Description
The whole family will love this EASY chicken parmesan made in a skillet and served over pasta. All the delicious flavor, none of the fuss.
Ingredients
Units
Scale
- 1/2 white onion
- 2 cloves garlic
- 1 lb. chicken tenders (skinless, boneless)
- 3/4 tsp. sea salt
- 1 Tbsp. olive oil
- 16 oz. short pasta like cavatappi
- 2 Tbsp. butter
- 3/4 cup panko bread crumbs
- 2 cups high-quality marinara sauce (16 oz.)

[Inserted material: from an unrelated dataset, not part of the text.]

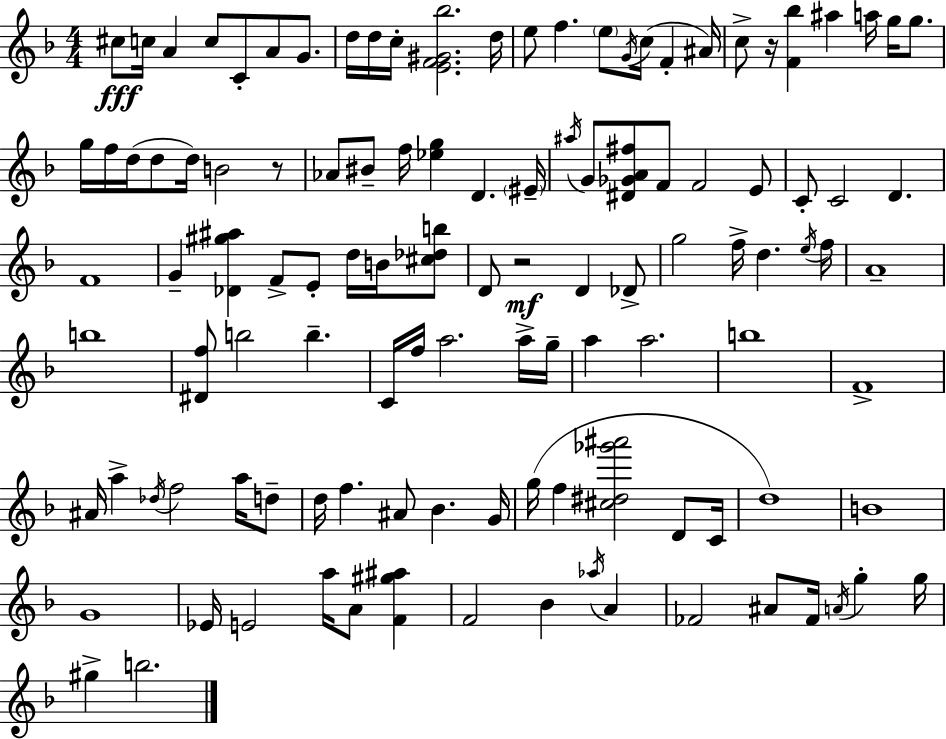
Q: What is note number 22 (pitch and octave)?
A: G5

- 1 cup shredded mozzarella cheese
- 1/2 cup grated parmesan cheese
- olive oil, flaky sea salt, red pepper flakes (to taste)
Instructions
- Prepare ingredients:
Dice onion.
Mince garlic.
Cut chicken into 1″ pieces and season with sea salt. (Using kitchen shears makes this quick!)
Start boiling pasta water. - Cook pasta to al dente in a large pot of salted water, according to package instructions. Drain and set aside.

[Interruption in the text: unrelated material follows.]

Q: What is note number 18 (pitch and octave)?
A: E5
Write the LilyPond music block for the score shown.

- While pasta is cooking, cook chicken. Heat 1 tablespoon of the olive oil in a large nonstick skillet over medium-high heat. Add onions and cook for 2-3 minutes. Add garlic and chicken and cook for about 5-8 minutes, until chicken is cooked through. (Turn down the heat to medium if things are browning.)

- While chicken is cooking, melt butter in a small nonstick skillet over medium-low heat and add panko bread crumbs. Stir frequently and cook until golden brown, removing from heat and transferring to a bowl immediately to stop cooking.

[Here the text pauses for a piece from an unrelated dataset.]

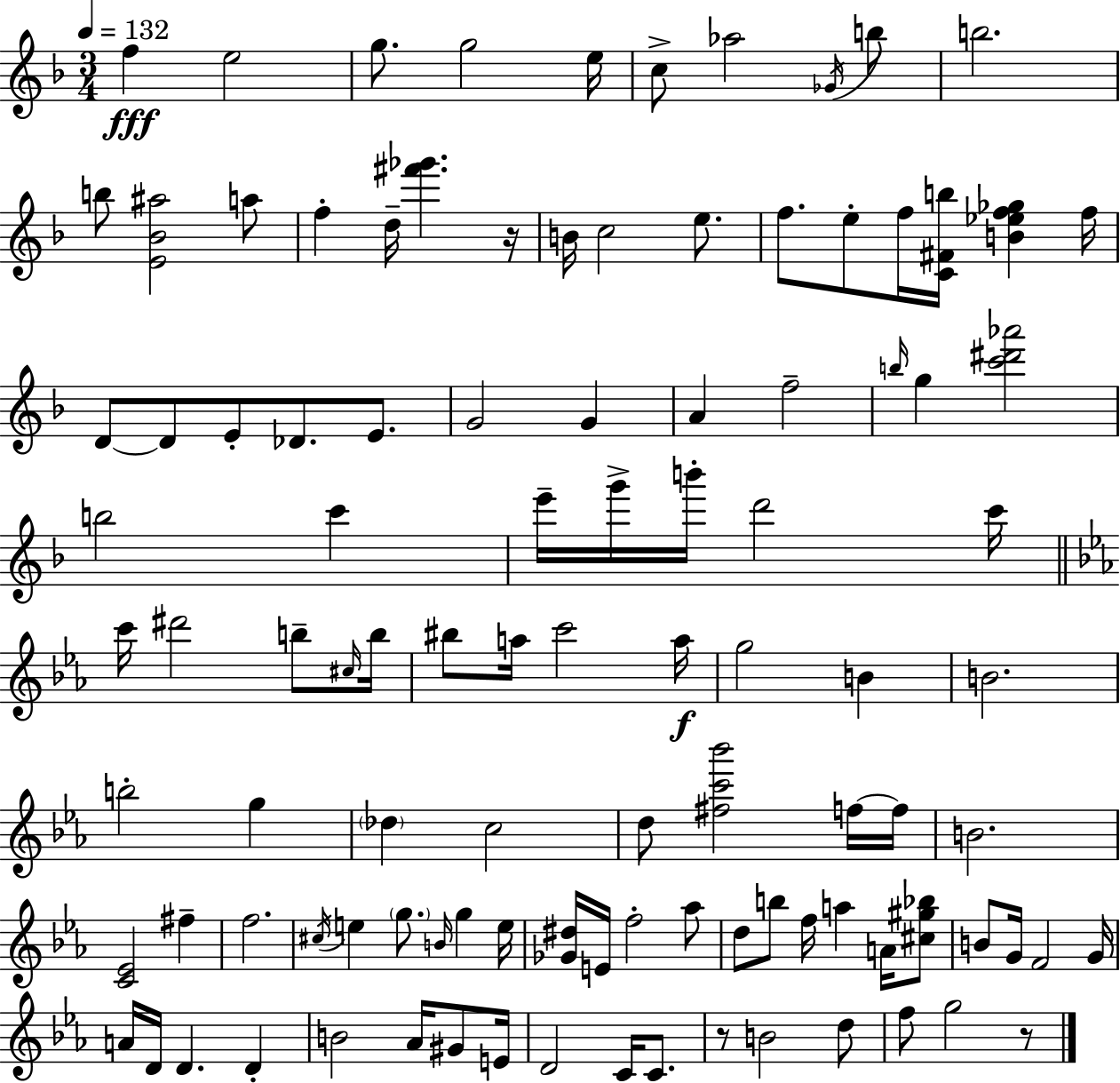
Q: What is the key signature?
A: D minor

- When the chicken is cooked through, stir in marinara sauce. Bring to a boil and remove from heat. Stir mozzarella cheese into the cooked chicken mixture.

- Place a serving of pasta onto a plate and top with chicken mixture, toasted bread crumbs, grated Parmesan cheese, a drizzle of olive oil, flaky sea salt, and red pepper flakes to taste.

Notes
- Storage: Store leftovers in the refrigerator for up to 3 days. Store breadcrumbs separately in an airtight container at room temperature. Reheat chicken and pasta leftovers in the microwave or a hot skillet and top with bread crumbs.
- Ingredient notes: Thin-cut chicken breasts work best, but you could also use chicken thighs if you prefer. Definitely use panko breadcrumbs! Traditional breadcrumbs won’t toast up as well. You can find them in the breadcrumb or Asian section.
- Make it creamy. If you want a super creamy chicken parm, drizzle in a bit of heavy cream right when you take it off the heat, before stirring in the mozzarella cheese.
- Helpful tools: A large oven-safe skillet works best for cooking everything together and finishing under the broiler.
- Serve with: Garlic bread, Caesar salad, or steamed broccoli for a complete Italian-inspired dinner.